Rye Harbour is quite remote apart from a few industrial units on the way to the beach. The harbour area itself is a popular walking spot and you can explore the huge martello type tower in the middle and walk all the way out to the sea edge along a track which is about a mile long. It's popular with dog walkers and wild life watchers alike.
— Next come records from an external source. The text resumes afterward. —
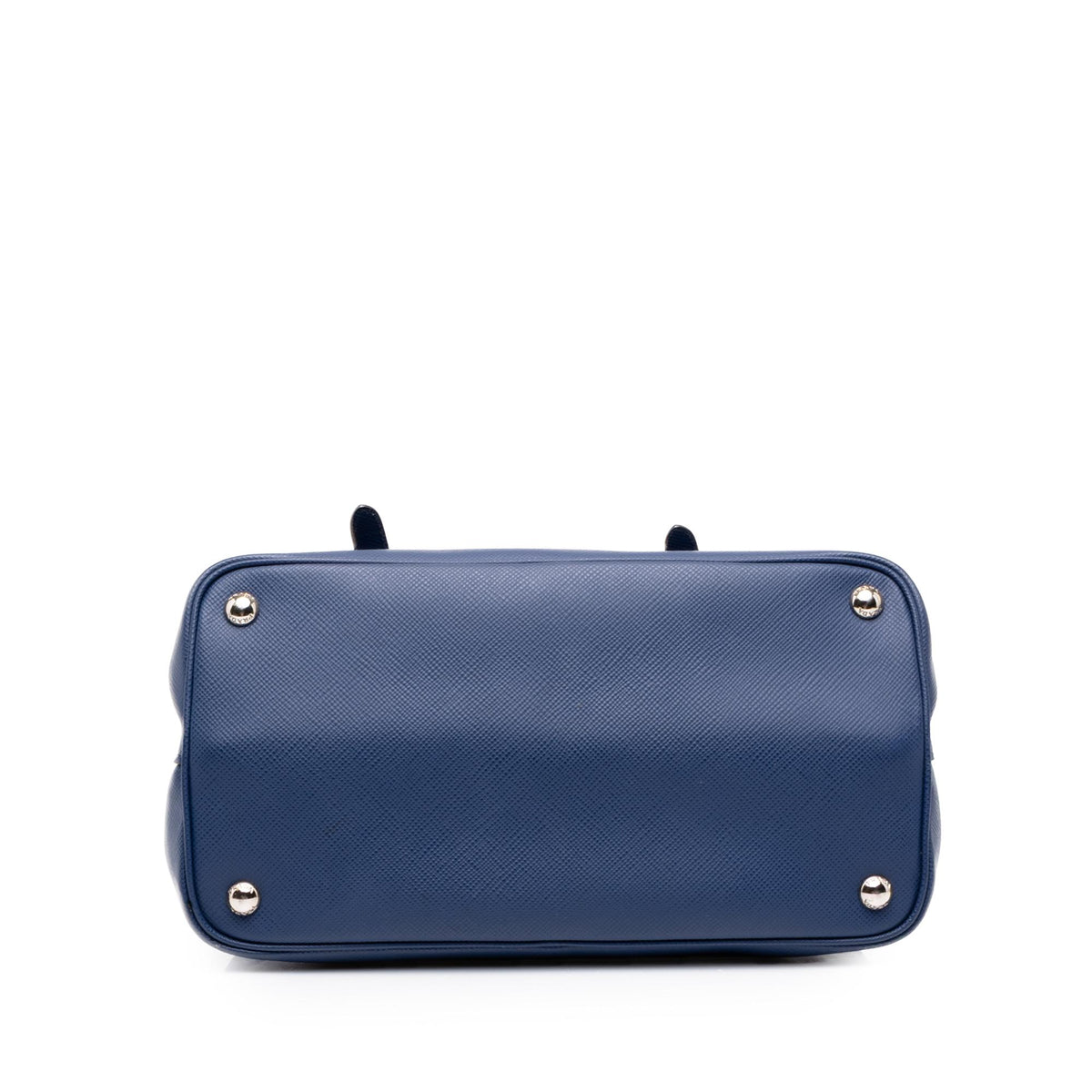 Prada Medium Saffiano Cuir Double Turnlock Satchel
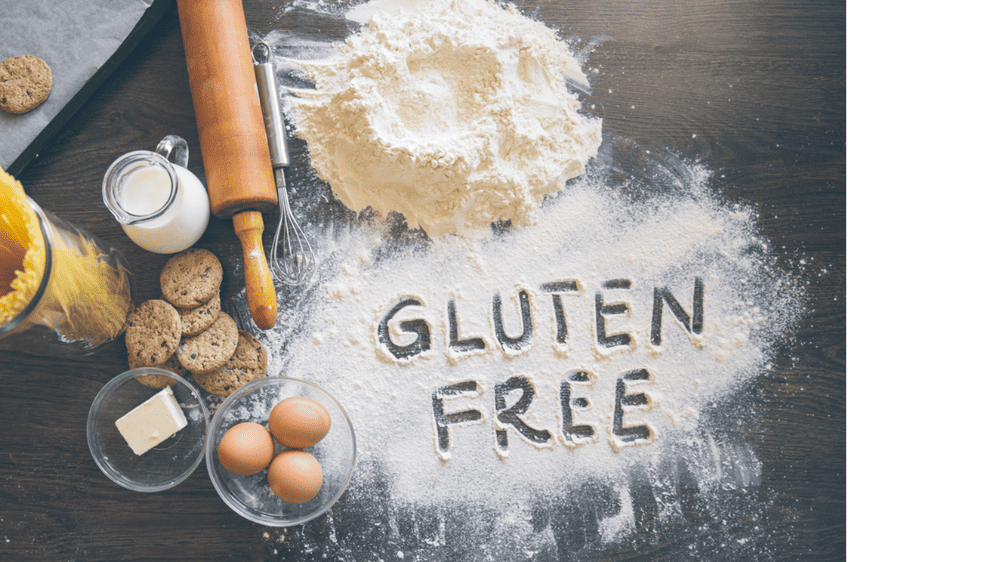 Gluten-free, flour, rolling pin, eggs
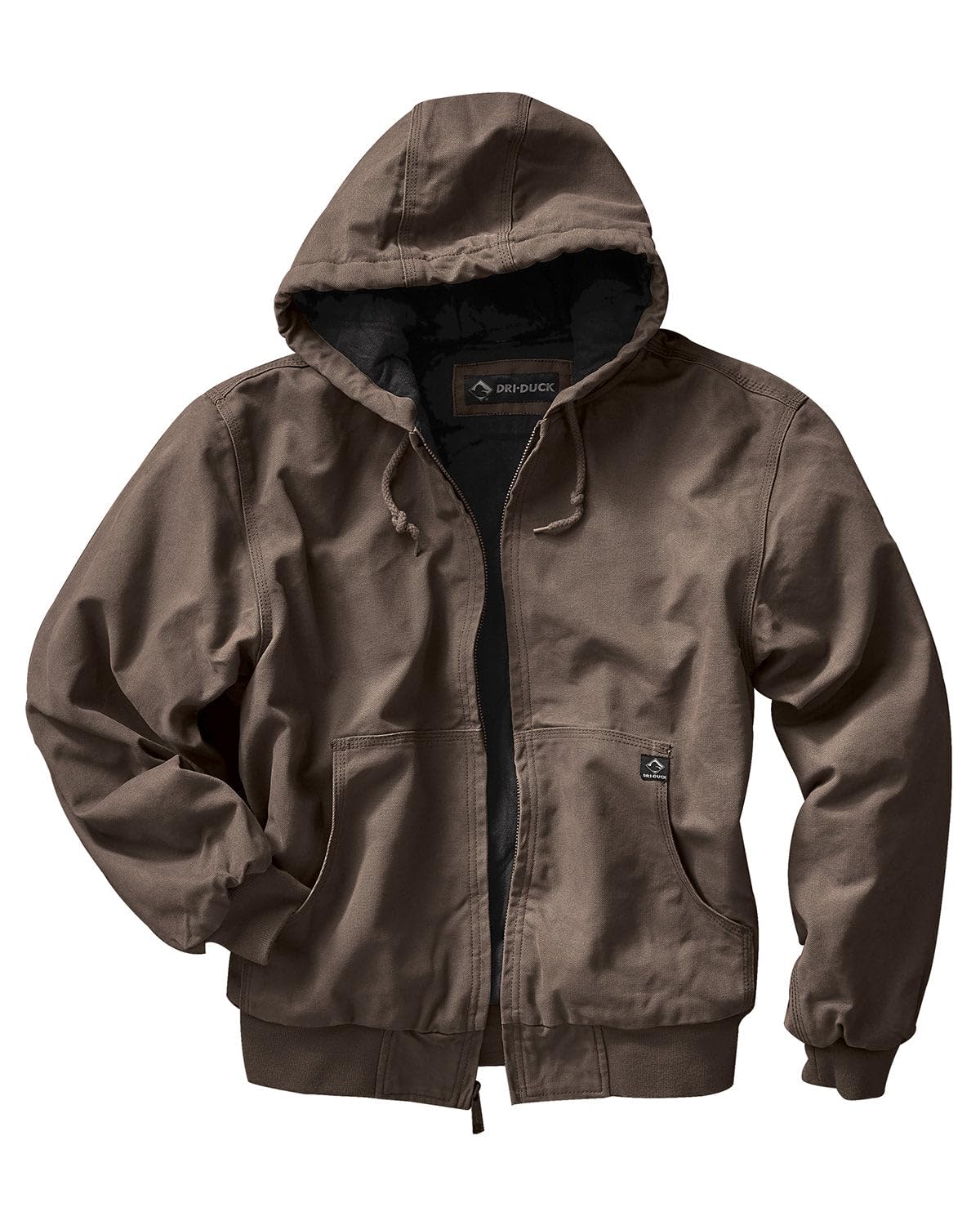 DRI DUCK Cheyenne Men's Cotton Canvas Hooded Work Jacket, 5020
If you look on Monica Edwards facebook page there are alot of photos of how it is now.


----------



## Juniper Jack (22 June 2015)

Thanks, spike123!

It sounds like a lovely area. 

In the books the characters would walk or ride down to the beach, either from a farm on Romney Marsh (near Camber Castle) or from Rye Harbour.  They would swim, or swim their ponies.

Very interesting what you said about the marsh being swamped with birdwatchers.  In one of the books, "Strangers to the Marsh," a pair of hoopoes nest in the wall of the castle and raise one chick.  Even when the marsh is swamped with other strangers wanting to see the birds, the pair continue to feed their chick.

I have wanted to visit that part of Sussex ever since I first read the third book in the series, "The Midnight Horse," more than half a century ago!


----------



## TGM (22 June 2015)

Rye is definitely worth a visit, regardless of whether you have read the books or not.  It is a beautiful town, with lots of meandering cobbled lanes and historical buildings, plus lots of great places to eat and stay.


----------



## Skib (22 June 2015)

You will find some info on the Monica Edwards web page. Click on the link for places and you will find some pictures and information there.

http://www.monicaedwards.co.uk/

At one point there were some organised walks as well - There may be a link to another site for the Monica Edwards Appreciation Society. I dont know if it is still active. Some children's authors have an active Society to commemorate them. I belong to one such group. Others come and go, or transfer to Facebook.
There was also on google an active discussion list which was devoted to girls' stories  girlsown@googlegroups.com where you might well get some info. 

I too loved the early books and we went for a walk in the area. But I did wish that I had had more detailed information like that on the web page. I hope this is helpful.


----------



## Juniper Jack (22 June 2015)

Thank you for the link, Skib.  That is an interesting website!


----------